As one neurologist told me, "Look, your mother's brain is dying." It was actually quite normal, quite common, when she mistook me for her doctor, and then her brother, and then her father, and my father. And common and normal were her sleeping fantasies (her dreams).
Lepton (Grand Rapids MI)
Reading this article brings to mind my favorite adventure game "To the Moon" where two scientists go into the mind of a dying man to traverse his memories so he can work through traumatic events from the past and die in peace, living out one last wish. I can't recommend it enough.

It's hard for me to be a materialist sometime when I are bearing the weight of dreams, both kind and unkind.
Dr. Marek B. Majorek (Latterbach, Switzerland)
An important article. However, it seems to me that the author is not aware of the pioneering work on the experiences of the dying done by the eminent British psychiatrist, Peter Fenwick. His (and his wife's) book on the subject: The Art of Dying was published in 2008.
Jan Hoffman (New York, NY)
A link to a study by Peter Fenwick is embedded in the article.
C.C. Kegel,Ph.D. (Planet Earth)
I had a patient once who had the following dream as she lay dying: She was near a refrigerator and the door opened and all the food came out along with her dead husband )who was alive in real life.)

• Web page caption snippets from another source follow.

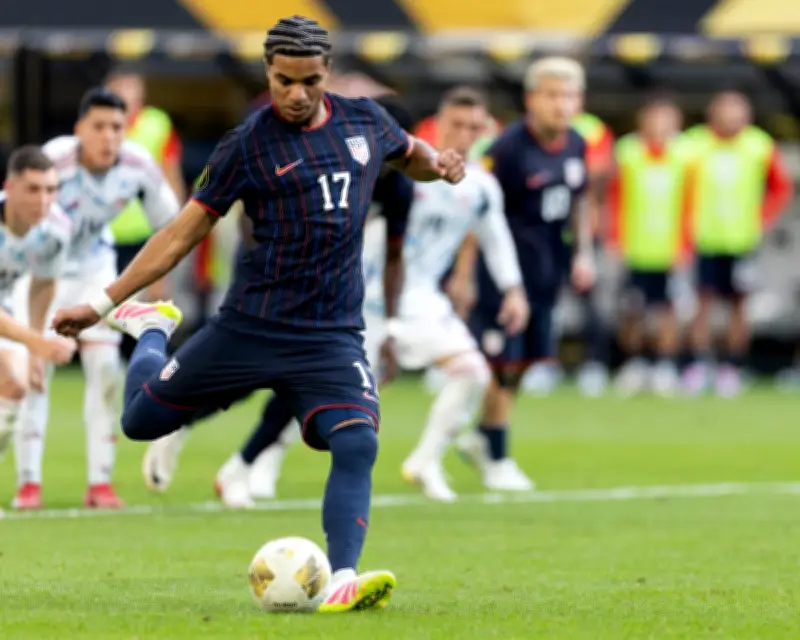 USMNT Eliminated on Penalties in World Cup Shock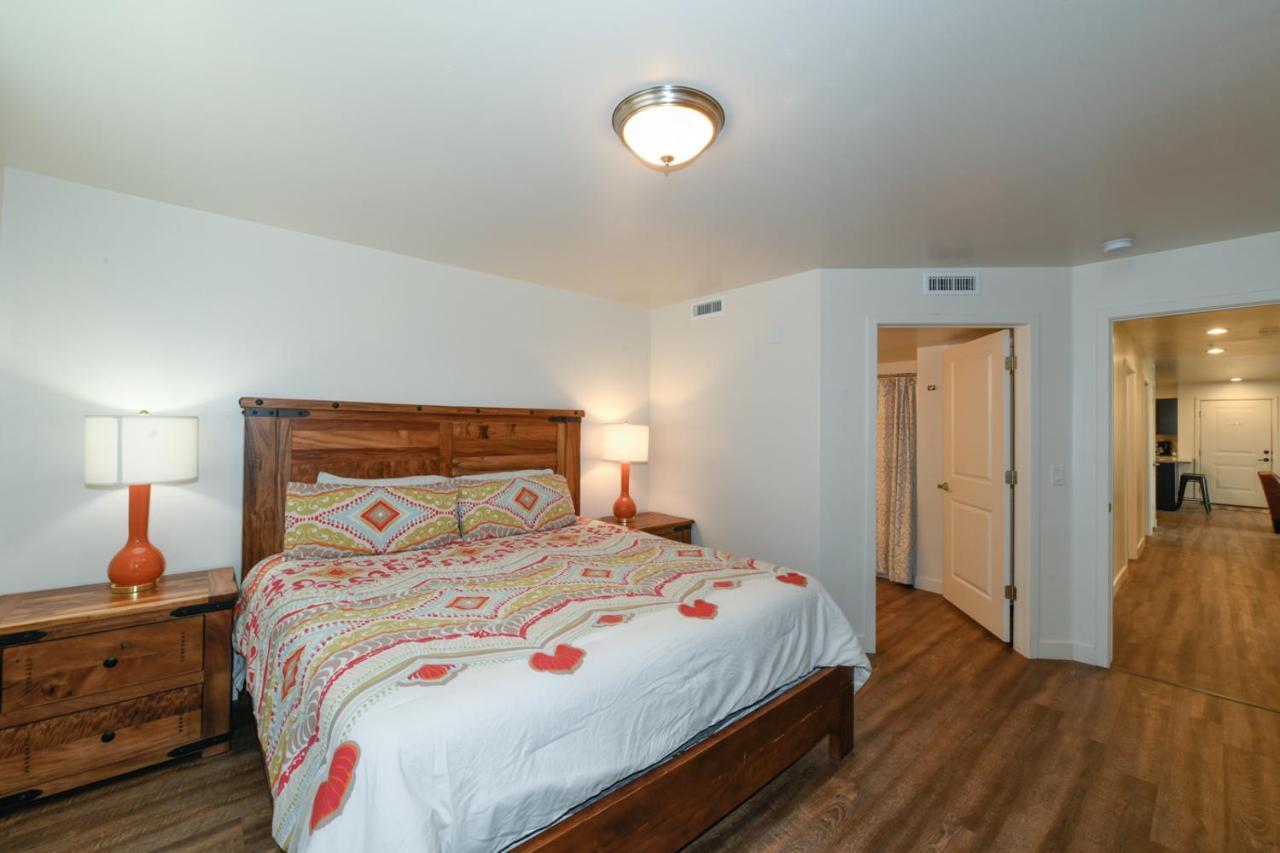 Moab Redcliff Condos Dean Re Esterno foto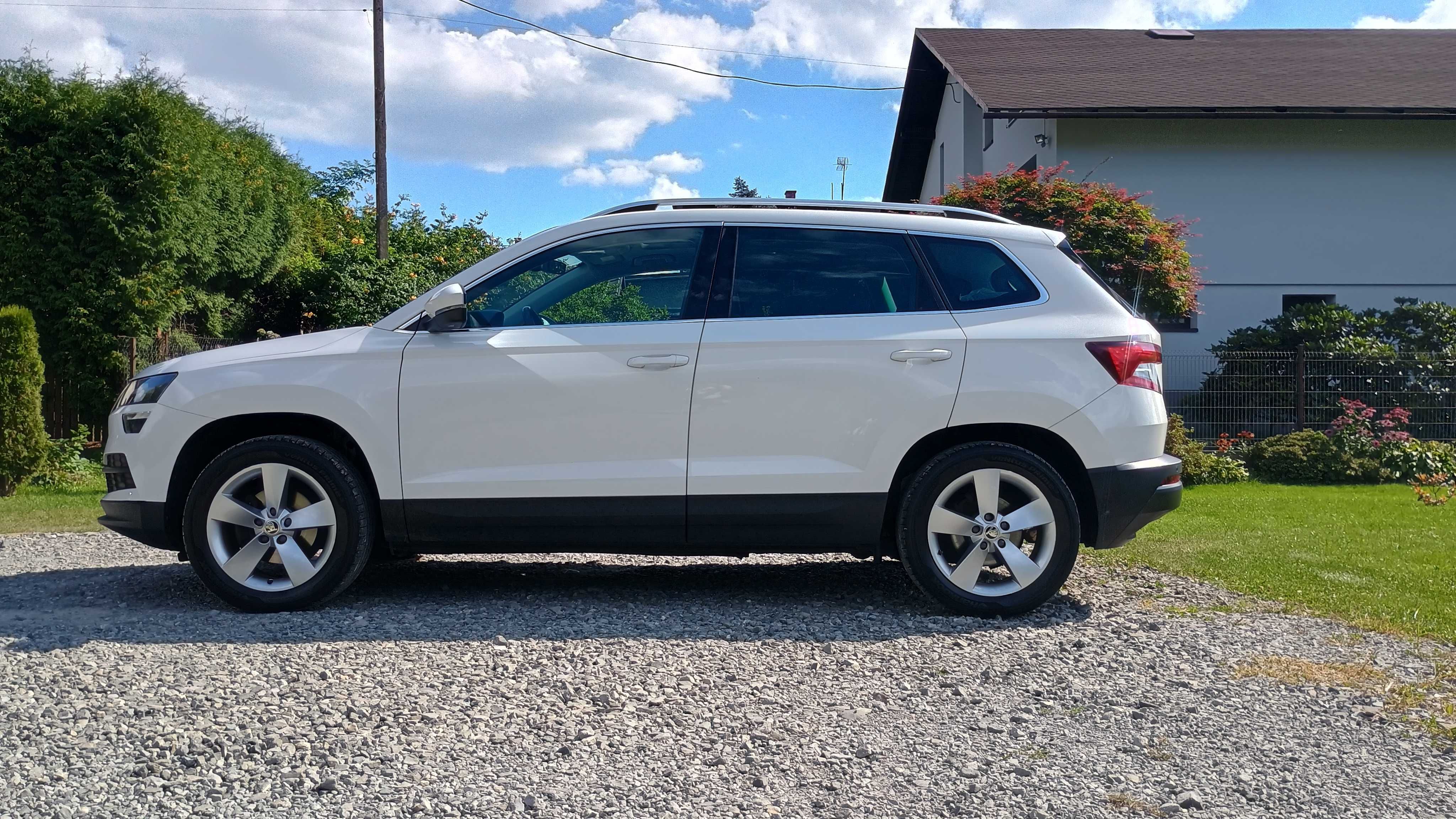 Skoda Karoq 1.5 150KM DSG Ambition Panorama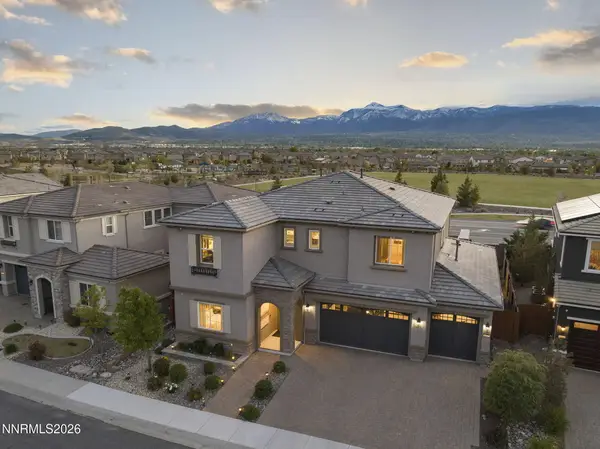 9307 Sky Dune Way #Homesite 5, Reno, NV 89521
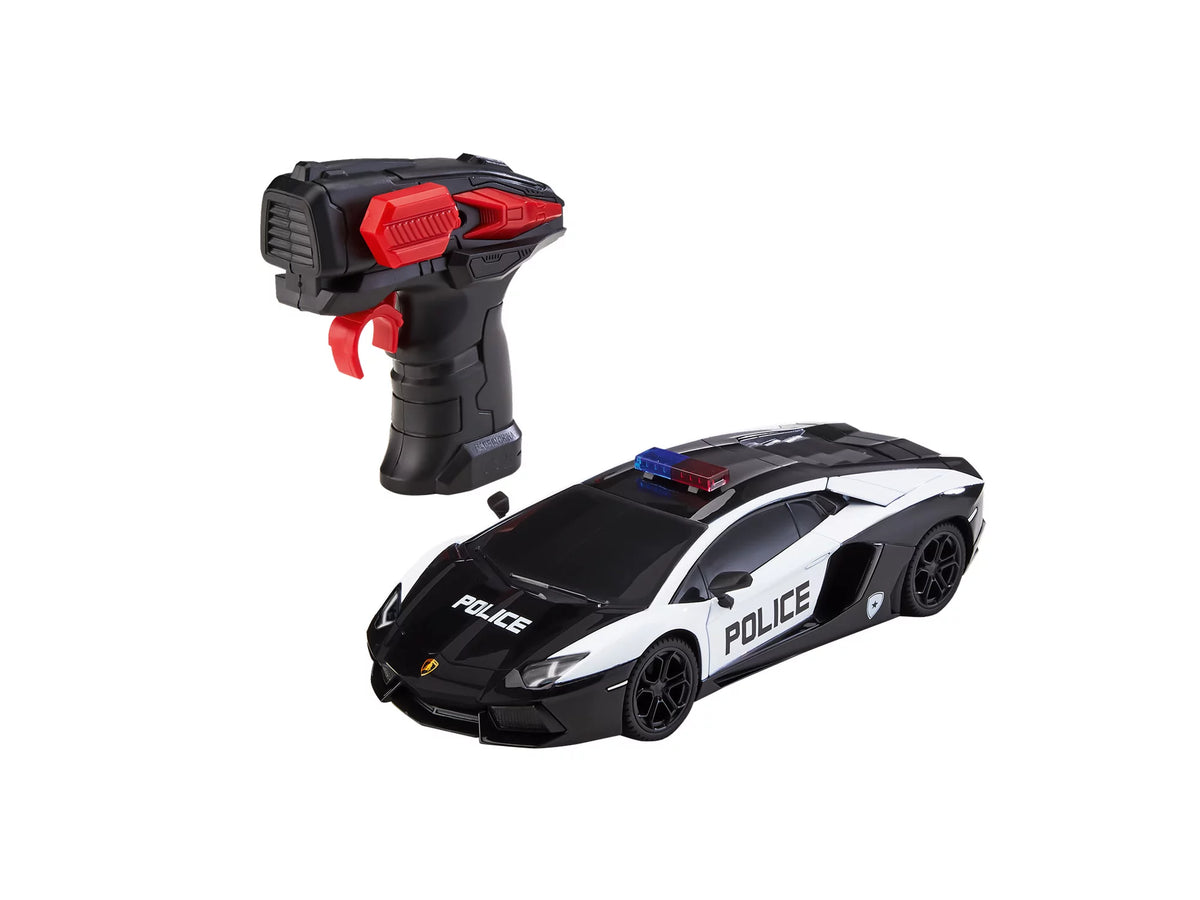 RC Scale Car Lamborghini Aventador Coupé Police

After she told me the dream, she was able to tell me that her husband, who she stayed with only for the health insurance, had molested their now teenaged daughter when she was young. The patient was afraid that he would molest their young son when she was gone.
When my mother was dying, she was semi-comatose and told me that she was at the races (something she liked to do), and she had bet on the 7-3 but not on the 3-7. Could I go bet on the 3-7? I said, "I will always hedge your bets, Mother." This seemed to reassure her; she was worried about the things she hadn't done.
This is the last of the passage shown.